• _INSTRUCTIONS TO FOLLOW_: Reproduce the records that follow without alteration, apart from removing the pictures.

######

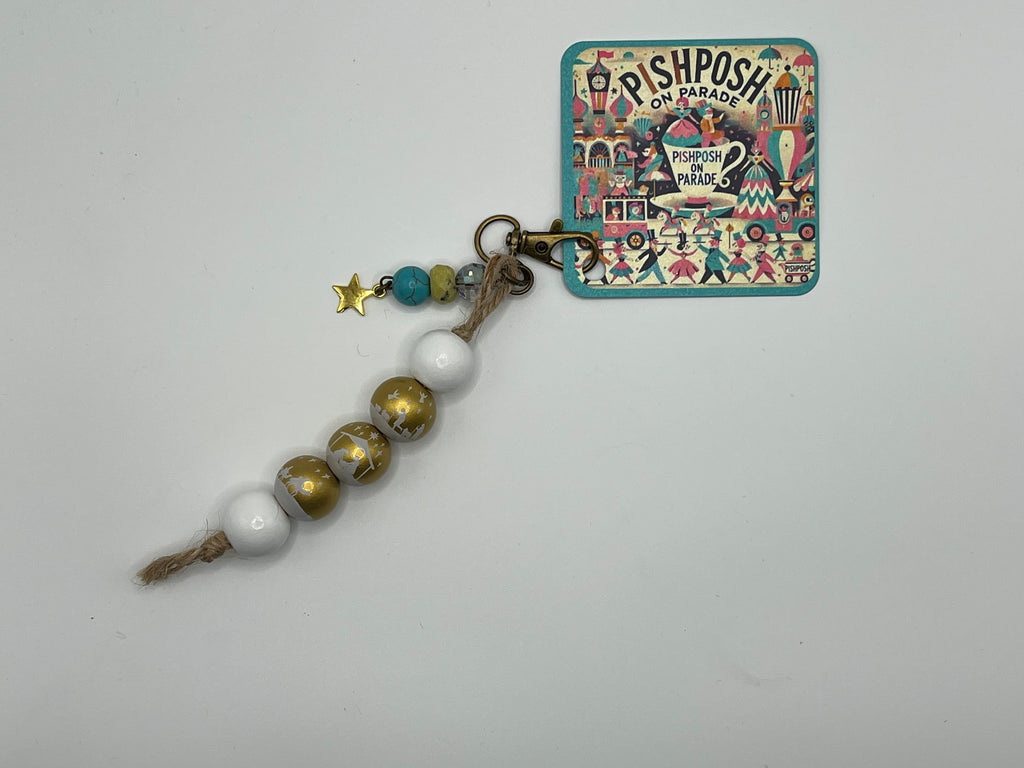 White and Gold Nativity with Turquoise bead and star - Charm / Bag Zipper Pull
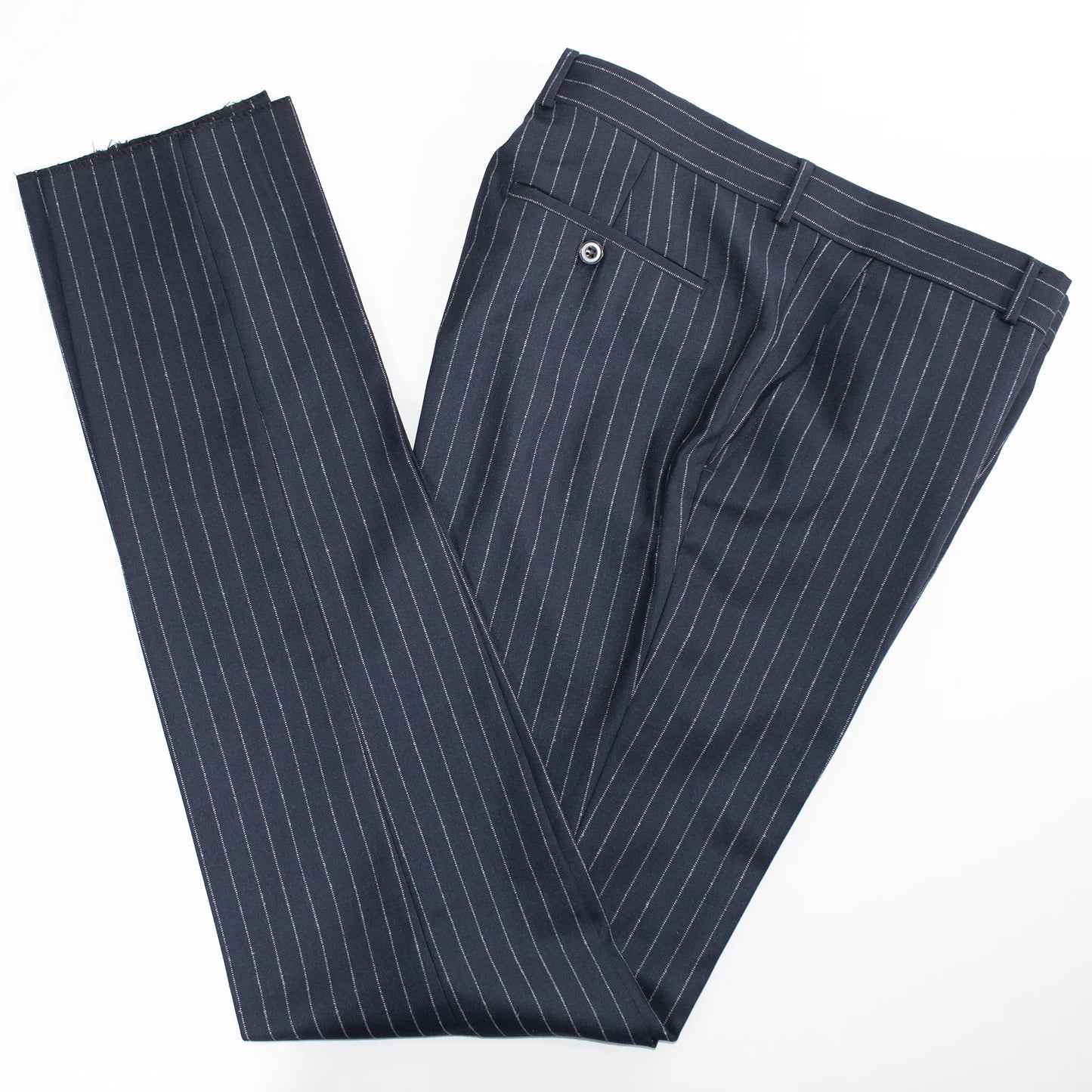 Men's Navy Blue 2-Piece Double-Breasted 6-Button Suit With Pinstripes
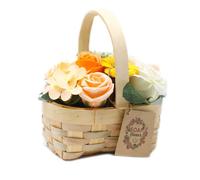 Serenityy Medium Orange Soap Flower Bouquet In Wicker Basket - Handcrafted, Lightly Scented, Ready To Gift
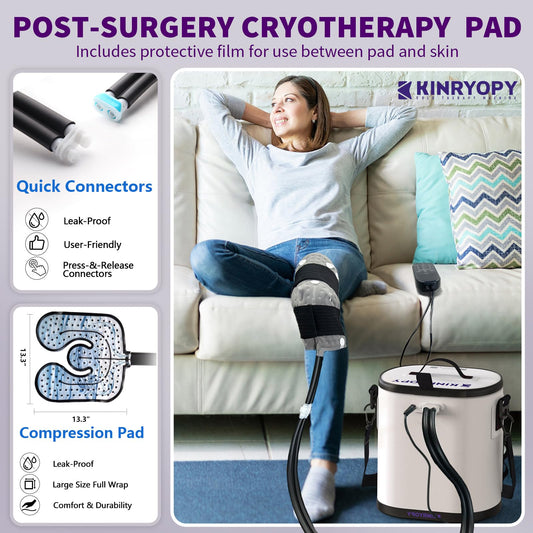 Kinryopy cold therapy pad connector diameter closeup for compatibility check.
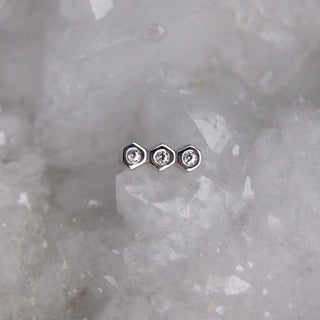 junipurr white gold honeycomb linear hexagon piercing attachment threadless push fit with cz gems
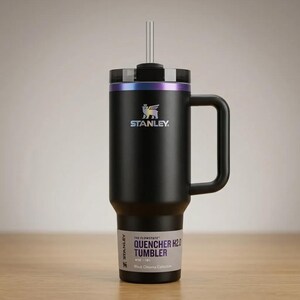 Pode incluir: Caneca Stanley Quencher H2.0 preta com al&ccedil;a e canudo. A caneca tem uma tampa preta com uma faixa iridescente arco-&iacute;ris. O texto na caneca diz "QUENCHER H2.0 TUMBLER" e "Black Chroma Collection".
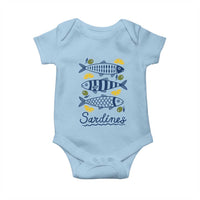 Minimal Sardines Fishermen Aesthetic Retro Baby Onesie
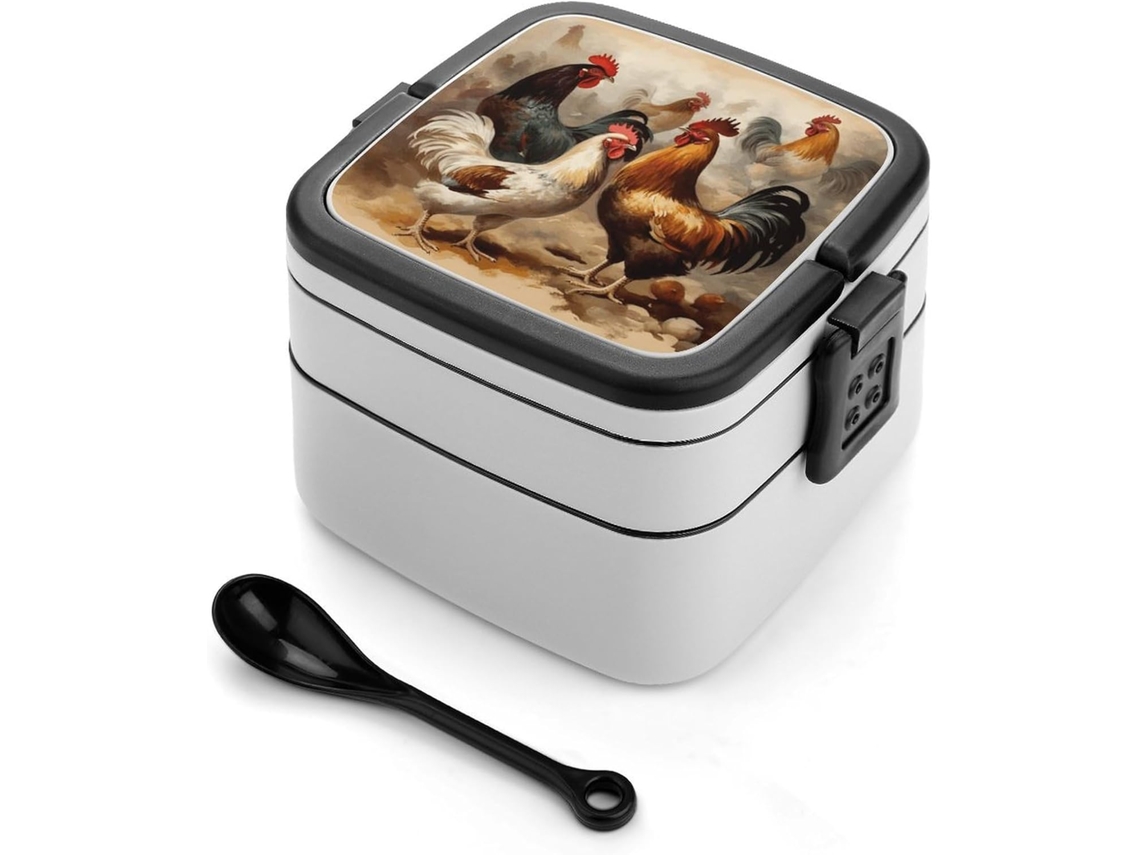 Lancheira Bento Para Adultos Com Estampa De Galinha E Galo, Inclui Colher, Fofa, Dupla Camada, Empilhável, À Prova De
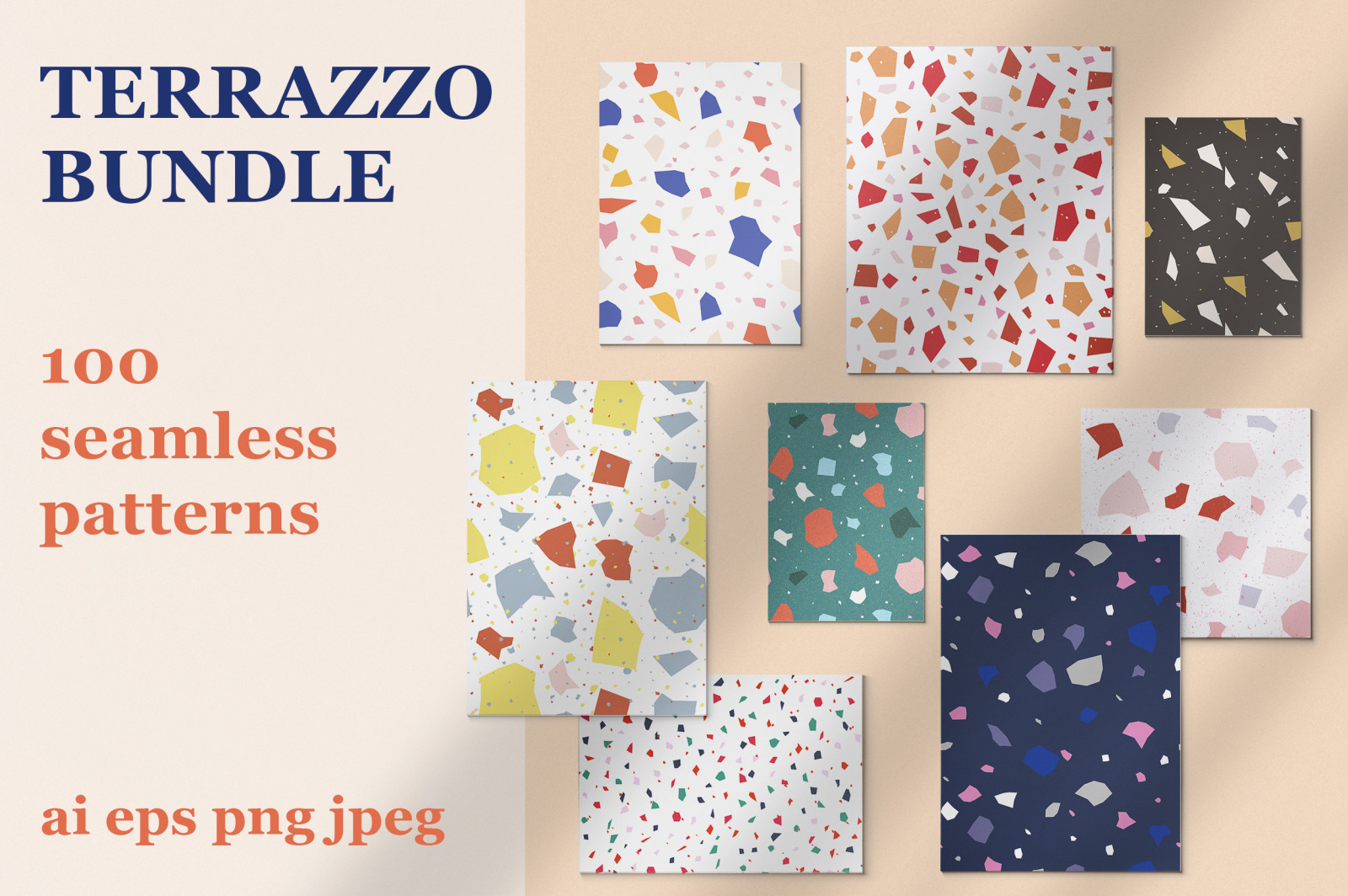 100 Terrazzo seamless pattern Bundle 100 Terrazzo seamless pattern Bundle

######

• _ANSWER BOX_:
 White and Gold Nativity with Turquoise bead and star - Charm / Bag Zipper Pull
 Men's Navy Blue 2-Piece Double-Breasted 6-Button Suit With Pinstripes
 Serenityy Medium Orange Soap Flower Bouquet In Wicker Basket - Handcrafted, Lightly Scented, Ready To Gift
 Kinryopy cold therapy pad connector diameter closeup for compatibility check.
 junipurr white gold honeycomb linear hexagon piercing attachment threadless push fit with cz gems
 Pode incluir: Caneca Stanley Quencher H2.0 preta com al&ccedil;a e canudo. A caneca tem uma tampa preta com uma faixa iridescente arco-&iacute;ris. O texto na caneca diz "QUENCHER H2.0 TUMBLER" e "Black Chroma Collection".
 Minimal Sardines Fishermen Aesthetic Retro Baby Onesie
 Lancheira Bento Para Adultos Com Estampa De Galinha E Galo, Inclui Colher, Fofa, Dupla Camada, Empilhável, À Prova De
 100 Terrazzo seamless pattern Bundle 100 Terrazzo seamless pattern Bundle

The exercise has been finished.